The crusade of the Next Life returned early the next afternoon. A handful of people preceded the main body up the road, announcing the imminent arrival of “the most holy reverend.” They grinned with a kind of fanatical madness, a joy that did not belong to the earth.

It was October the thirteenth. No one had ever thought they would return so late.

The road was soon occluded by squatters. Word somehow spread even to the far side of the turnpike, so that people came walking back from the direction of Harbinger and crowded around the pole, their eyes wide with desperate hope, asking Kate and her father if Fitcher had yet been spied. Even as she told them he had not, a great roar came from farther down the road, and as everyone looked in that direction, he appeared above the crowd.

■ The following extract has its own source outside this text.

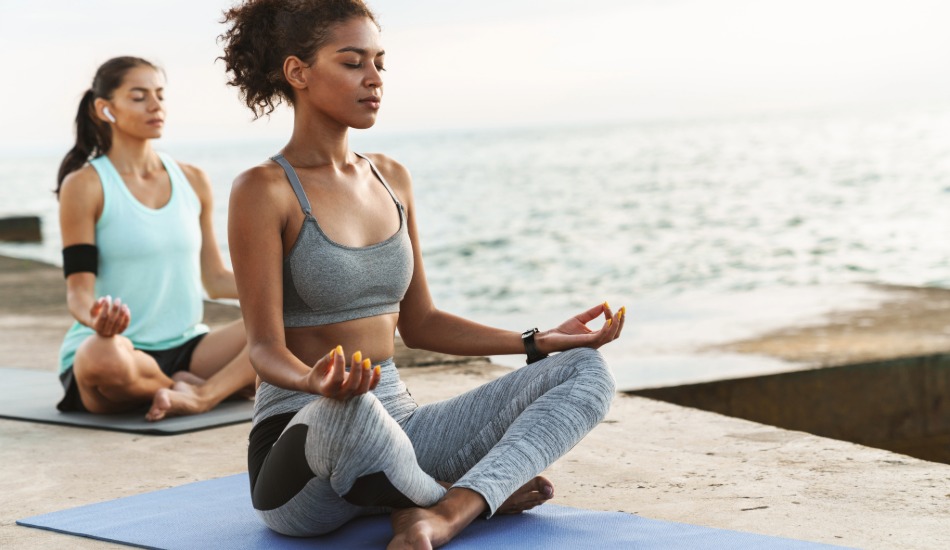 Aluguel de temporada em Prado Bahia para relaxamento – pessoa praticando yoga em varanda de apartamento independente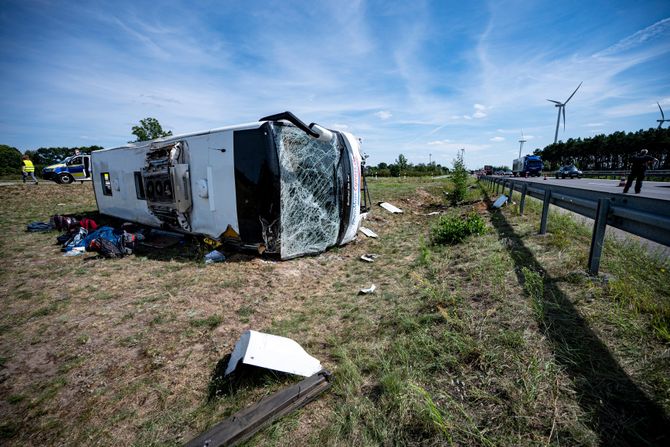 Nemačka Berlin saobraćajna nesreća, prevrnut autobus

Fitcher sat a horse this time, like a commanding general awash in his victorious troops. He greeted everyone as he passed, waving his walking stick. He leaned down and touched their outstretched hands. People parted for him, but stayed close, trying to touch him, his stick, his boots, even the tired horse. They squealed, they cried. Some reacted to the touch violently, flinging their arms up, twitching like Shakers. They had to be dragged aside, set down in the grass. Foam bubbled on their lips, and some babbled insanely in foreign or improvised tongues. A plump woman began to spin about in circles and slapped those nearest before they scrambled back out of her windmilling way. The tension had cracked like the wall of a dike, and pent-up frothing fanaticism burst out.

Fitcher rode through like an avatar. His smile was benign eminence. At the pole, he reined in but did not dismount. For a moment he stared down at Kate with cold consideration, as if contemplating a meal, and she felt herself flush in response. Her cheeks burned and she stepped aside, behind her father.

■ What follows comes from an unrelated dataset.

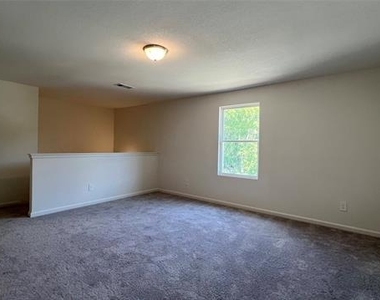 702 Camden Drive - Photo Thumbnail 25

Mr. Charter reached up to shake Fitcher's hand and welcome him back. On the horse behind him, visibly transformed, rode Lavinia. Kate did not immediately recognize her. Lavinia had let her hair down, and she wore men's riding clothes—breeches and a boiled white shirt. The severity and darkness of her had vanished. Her sharp features had filled and softened. Kate found herself thinking that her stepmother was surprisingly lovely. Lavinia turned her horse and rode onto the lawn.

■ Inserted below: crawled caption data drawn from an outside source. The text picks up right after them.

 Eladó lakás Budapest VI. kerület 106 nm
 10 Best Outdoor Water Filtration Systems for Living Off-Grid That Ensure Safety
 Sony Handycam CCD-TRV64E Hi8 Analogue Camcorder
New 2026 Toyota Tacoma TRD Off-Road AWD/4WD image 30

Behind her flowed a multitude. If the last crusade had doubled the population of Harbinger, the takings of this one threatened to quadruple it. The mass of people extended as far as could be seen back down the road. They moved forward slowly, turning the confines of the road into a warren enclosed by trees. They spilled out onto the lawn of the house. They circled Fitcher now that he had stopped. One of them held Lavinia's horse as she dismounted. She seemed to move with the fluidity of someone half her age. Kate noticed, and observed that her father noticed, too.

“It is a great success,” Fitcher proclaimed. “A triumph. We've collected hundreds more on this campaign. Our new world will thrive with new life.” He twisted around to overlook his flock, and called out, “‘Believe in the Lord Jesus Christ, and thou shalt be saved, and thy house!'” The mob cheered, and the sound rolled like a huge wave down the road, echoing back from farther than could be seen.

“Now, we must go on, only a little farther. We will charge them nothing here,” he said to Mr. Charter. “We've all their goods, their monies, and it will all come to us in Harbinger. Their dedication is not in question. Now,
you
must come to the house, too. Move in. It's time, you know, only mere days remain to us and I do not want you to find yourselves outside the fence when all around is obliterated. We can't lose our gatekeeper, or his family.” His gaze flicked to Kate, then to Lavinia. Then he straightened in his saddle and shouted, “Onward!” They cheered him again.

As he rode under the upraised pike, he began to sing the new words Mr. Isaac Watts had written to the tune of “Antioch,” which Kate had heard only a few times in church: “‘Joy to the world! The Lord is come! Let earth receive her King; Let ev'ry heart prepare Him room…'” Unlike Kate, the crowd seemed to know the song well. They picked up the words and sang along. Their song roared past. It was, thought Kate, a beautiful song, but it sounded like a martial chant to her now. In the sky to the west, the front of a storm was rolling in.